The U.S. Navy’s new 21-day healthy menu, introduced in October, has gotten mixed results so far, according to a report in the Virginia Pilot. The new shipboard eating plan replaced a 35-day traditional menu with a slate of offerings designed to be lower in fat and calories and with more ethnic choices. Each meal has at least one entree with 15 or fewer grams of fat. The menu, which emphasizes baking over frying and uses more preprepared product, tries to compromise between traditional favorites and more healthful offerings. For example, while Fridays now feature low-fat seafood entrees at both lunch and dinner, Wednesday’s lunch remains Burger Day and Saturday dinner is still Pizza Night.
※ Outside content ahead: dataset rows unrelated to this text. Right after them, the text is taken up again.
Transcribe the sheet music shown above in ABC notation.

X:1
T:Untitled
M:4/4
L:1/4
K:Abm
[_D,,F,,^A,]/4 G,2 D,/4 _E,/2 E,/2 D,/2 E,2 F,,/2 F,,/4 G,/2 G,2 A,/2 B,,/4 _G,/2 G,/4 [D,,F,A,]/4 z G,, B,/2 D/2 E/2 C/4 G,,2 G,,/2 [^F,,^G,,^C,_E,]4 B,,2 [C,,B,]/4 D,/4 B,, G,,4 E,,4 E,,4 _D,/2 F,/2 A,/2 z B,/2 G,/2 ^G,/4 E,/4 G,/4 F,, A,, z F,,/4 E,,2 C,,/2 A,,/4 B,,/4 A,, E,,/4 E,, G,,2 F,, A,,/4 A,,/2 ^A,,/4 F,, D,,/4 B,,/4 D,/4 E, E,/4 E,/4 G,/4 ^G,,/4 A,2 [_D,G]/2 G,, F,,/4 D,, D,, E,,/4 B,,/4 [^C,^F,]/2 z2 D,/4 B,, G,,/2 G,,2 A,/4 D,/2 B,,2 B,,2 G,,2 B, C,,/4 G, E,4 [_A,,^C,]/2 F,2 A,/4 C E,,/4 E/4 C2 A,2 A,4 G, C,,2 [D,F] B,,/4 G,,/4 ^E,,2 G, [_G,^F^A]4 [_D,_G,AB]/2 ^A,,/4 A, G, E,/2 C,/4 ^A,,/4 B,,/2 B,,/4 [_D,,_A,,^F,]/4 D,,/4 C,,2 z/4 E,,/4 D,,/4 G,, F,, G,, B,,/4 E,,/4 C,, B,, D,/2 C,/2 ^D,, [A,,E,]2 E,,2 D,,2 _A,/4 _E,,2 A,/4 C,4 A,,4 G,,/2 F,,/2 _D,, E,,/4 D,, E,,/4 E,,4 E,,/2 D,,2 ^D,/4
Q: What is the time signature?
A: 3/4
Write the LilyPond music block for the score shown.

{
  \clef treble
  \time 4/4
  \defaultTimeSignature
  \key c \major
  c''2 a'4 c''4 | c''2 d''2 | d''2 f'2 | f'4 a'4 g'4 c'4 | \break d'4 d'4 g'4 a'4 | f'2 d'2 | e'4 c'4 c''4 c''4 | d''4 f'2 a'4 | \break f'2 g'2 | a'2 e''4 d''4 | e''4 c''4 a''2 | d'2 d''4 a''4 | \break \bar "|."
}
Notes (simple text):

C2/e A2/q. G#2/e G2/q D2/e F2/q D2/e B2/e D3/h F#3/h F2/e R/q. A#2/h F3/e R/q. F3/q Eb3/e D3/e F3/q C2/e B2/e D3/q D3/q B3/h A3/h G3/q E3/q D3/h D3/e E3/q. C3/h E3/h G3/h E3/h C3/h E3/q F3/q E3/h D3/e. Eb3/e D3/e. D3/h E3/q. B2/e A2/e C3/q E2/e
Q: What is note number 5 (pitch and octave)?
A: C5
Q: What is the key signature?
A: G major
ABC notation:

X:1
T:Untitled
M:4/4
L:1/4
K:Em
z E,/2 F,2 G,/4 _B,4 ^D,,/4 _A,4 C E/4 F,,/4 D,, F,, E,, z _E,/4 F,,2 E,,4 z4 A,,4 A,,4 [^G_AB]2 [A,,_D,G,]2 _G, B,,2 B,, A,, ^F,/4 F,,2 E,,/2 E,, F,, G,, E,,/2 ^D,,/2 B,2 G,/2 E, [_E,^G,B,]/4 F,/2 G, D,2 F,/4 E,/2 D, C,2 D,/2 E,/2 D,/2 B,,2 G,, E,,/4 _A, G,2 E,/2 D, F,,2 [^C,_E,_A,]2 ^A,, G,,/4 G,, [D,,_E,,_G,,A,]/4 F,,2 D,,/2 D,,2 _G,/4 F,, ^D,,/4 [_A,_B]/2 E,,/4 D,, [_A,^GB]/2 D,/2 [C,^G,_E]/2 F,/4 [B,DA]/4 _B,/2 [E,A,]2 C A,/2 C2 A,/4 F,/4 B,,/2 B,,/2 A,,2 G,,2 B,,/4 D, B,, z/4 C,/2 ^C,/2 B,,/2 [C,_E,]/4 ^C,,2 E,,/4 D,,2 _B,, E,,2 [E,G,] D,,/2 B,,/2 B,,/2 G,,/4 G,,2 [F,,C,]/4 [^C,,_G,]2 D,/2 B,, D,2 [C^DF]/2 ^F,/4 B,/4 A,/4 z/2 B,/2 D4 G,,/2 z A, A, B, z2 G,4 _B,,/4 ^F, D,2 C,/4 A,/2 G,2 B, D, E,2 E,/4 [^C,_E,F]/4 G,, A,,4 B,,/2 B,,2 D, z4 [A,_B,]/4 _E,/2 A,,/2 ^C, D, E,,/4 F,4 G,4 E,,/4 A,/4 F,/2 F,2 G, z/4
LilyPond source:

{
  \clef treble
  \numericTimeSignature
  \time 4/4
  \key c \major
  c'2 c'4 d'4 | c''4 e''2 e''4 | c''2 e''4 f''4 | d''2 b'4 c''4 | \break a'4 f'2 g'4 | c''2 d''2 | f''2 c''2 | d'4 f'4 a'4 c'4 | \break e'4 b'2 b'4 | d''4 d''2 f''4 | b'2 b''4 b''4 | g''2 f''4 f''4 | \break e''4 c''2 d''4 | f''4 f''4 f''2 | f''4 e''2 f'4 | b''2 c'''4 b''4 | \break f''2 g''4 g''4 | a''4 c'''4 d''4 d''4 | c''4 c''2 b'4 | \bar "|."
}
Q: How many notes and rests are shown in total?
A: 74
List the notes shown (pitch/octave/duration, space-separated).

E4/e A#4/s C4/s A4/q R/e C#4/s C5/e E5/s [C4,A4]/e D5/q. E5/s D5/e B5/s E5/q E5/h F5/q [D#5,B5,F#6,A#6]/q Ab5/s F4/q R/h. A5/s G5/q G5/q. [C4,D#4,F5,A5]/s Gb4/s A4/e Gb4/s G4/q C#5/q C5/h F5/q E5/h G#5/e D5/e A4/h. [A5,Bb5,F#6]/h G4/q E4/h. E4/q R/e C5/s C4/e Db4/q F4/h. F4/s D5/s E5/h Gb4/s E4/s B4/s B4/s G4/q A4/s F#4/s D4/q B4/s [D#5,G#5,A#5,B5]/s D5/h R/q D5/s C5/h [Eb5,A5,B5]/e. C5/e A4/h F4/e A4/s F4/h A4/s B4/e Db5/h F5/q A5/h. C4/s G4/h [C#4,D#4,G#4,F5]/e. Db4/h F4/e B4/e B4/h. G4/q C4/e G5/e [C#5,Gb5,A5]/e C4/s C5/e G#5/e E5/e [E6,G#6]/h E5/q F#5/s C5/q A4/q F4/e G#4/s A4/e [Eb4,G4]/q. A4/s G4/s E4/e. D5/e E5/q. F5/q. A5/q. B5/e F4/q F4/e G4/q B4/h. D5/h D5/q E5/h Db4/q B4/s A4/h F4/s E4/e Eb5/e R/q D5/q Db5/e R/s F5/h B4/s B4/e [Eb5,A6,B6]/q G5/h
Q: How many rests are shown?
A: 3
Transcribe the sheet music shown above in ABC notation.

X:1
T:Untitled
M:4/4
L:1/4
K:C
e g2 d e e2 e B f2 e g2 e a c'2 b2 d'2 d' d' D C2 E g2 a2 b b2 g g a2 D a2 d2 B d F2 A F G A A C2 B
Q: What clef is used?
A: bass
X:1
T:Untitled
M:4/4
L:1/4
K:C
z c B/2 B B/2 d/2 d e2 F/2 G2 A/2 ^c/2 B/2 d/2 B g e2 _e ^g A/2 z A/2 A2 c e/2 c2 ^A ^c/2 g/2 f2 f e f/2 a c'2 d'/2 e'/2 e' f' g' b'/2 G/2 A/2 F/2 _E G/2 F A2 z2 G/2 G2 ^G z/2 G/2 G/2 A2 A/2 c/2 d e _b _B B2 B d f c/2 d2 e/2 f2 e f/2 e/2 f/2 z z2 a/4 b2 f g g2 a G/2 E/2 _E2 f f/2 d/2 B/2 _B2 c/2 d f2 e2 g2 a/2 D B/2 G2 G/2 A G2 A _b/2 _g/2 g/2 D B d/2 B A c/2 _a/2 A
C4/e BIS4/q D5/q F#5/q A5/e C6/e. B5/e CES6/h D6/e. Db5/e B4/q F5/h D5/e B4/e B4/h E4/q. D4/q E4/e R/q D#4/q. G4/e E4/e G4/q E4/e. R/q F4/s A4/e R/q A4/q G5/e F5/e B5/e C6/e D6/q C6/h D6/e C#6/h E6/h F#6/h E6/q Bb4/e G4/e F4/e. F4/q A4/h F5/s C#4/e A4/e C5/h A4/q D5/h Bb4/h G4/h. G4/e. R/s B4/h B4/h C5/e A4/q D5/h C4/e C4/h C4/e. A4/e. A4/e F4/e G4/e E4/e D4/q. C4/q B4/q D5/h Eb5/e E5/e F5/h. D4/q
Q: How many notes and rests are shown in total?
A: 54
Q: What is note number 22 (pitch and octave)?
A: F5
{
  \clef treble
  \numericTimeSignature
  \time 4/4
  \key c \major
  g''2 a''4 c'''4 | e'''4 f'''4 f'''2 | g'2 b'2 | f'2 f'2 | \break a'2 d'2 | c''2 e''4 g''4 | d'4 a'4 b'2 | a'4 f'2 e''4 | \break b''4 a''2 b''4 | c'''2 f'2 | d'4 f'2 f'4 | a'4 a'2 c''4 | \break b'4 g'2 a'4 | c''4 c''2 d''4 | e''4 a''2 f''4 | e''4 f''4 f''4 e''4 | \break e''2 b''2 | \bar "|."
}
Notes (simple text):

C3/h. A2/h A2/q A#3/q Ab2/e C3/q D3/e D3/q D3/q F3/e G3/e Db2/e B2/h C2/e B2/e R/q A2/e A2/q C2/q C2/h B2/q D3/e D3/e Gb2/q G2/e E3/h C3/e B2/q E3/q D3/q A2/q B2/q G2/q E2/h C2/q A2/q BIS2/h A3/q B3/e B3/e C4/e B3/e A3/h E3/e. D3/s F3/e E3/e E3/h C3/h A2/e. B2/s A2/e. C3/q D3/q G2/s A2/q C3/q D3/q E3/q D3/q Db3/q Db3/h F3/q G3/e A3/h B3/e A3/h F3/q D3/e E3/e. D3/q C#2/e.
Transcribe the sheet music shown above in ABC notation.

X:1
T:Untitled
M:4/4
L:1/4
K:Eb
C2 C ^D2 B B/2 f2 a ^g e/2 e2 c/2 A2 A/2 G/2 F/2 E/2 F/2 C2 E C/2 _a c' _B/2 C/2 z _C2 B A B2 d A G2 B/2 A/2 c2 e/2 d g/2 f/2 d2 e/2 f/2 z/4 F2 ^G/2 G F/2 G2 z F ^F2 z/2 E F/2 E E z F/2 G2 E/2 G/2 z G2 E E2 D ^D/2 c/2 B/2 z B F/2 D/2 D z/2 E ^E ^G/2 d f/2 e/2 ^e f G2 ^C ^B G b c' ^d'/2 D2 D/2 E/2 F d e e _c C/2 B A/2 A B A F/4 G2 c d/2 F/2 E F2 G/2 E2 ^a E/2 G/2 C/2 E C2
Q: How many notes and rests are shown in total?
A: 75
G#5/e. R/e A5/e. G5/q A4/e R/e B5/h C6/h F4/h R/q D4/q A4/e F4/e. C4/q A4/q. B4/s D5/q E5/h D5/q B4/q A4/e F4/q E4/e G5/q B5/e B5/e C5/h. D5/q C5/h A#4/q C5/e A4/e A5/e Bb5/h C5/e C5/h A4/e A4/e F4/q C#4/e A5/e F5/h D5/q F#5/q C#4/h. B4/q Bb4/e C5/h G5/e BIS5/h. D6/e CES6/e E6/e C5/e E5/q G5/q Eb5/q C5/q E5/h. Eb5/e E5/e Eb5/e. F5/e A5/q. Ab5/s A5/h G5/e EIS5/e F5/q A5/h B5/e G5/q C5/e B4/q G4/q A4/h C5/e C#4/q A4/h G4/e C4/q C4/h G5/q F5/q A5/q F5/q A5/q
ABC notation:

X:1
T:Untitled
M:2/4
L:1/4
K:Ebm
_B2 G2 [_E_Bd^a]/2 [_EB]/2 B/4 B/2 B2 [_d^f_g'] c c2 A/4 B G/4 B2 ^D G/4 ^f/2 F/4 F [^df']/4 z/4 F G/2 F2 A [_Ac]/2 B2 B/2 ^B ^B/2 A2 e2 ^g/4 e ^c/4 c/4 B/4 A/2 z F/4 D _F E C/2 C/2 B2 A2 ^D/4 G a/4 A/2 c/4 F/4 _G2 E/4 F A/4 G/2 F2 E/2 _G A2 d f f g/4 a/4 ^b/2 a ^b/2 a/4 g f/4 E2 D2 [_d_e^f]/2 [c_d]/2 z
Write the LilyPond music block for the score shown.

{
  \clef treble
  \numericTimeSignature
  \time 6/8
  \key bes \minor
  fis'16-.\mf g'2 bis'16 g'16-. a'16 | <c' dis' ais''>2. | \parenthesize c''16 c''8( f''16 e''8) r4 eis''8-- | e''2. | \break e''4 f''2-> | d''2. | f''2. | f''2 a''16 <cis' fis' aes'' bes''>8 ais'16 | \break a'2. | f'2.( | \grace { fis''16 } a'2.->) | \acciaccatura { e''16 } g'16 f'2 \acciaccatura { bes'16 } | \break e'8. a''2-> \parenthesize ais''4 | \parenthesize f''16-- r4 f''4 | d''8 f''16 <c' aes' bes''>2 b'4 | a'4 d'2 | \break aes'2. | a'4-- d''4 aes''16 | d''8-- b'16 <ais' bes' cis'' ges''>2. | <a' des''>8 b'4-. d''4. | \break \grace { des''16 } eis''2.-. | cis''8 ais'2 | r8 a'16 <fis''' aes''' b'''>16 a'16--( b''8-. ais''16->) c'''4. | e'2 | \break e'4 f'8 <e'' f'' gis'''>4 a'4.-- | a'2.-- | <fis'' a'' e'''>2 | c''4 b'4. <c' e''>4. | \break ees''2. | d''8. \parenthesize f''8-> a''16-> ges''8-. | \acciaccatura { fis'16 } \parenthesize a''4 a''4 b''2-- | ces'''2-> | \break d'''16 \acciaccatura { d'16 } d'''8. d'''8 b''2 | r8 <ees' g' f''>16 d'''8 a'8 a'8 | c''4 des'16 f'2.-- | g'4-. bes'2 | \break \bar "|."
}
In addition, the new menu uses only 500 ingredients, down from about 1,200 for the previous menu, allowing the service to save money and consolidate storage.
The new eating plan was initially introduced to about 40 ships. the entire surface fleet, about 100 ships altogether, is scheduled to be converted by September. An exception to the three-week cycle will be made on aircraft carriers, which will operate with two-week cycles because they offer multiple mess decks and larger ship stores, meaning more daily options.
The new standardized plan takes away some of the discretion ship captains have traditionally enjoyed regarding what is served on their vessels, but it does allow for some special meals and theme nights.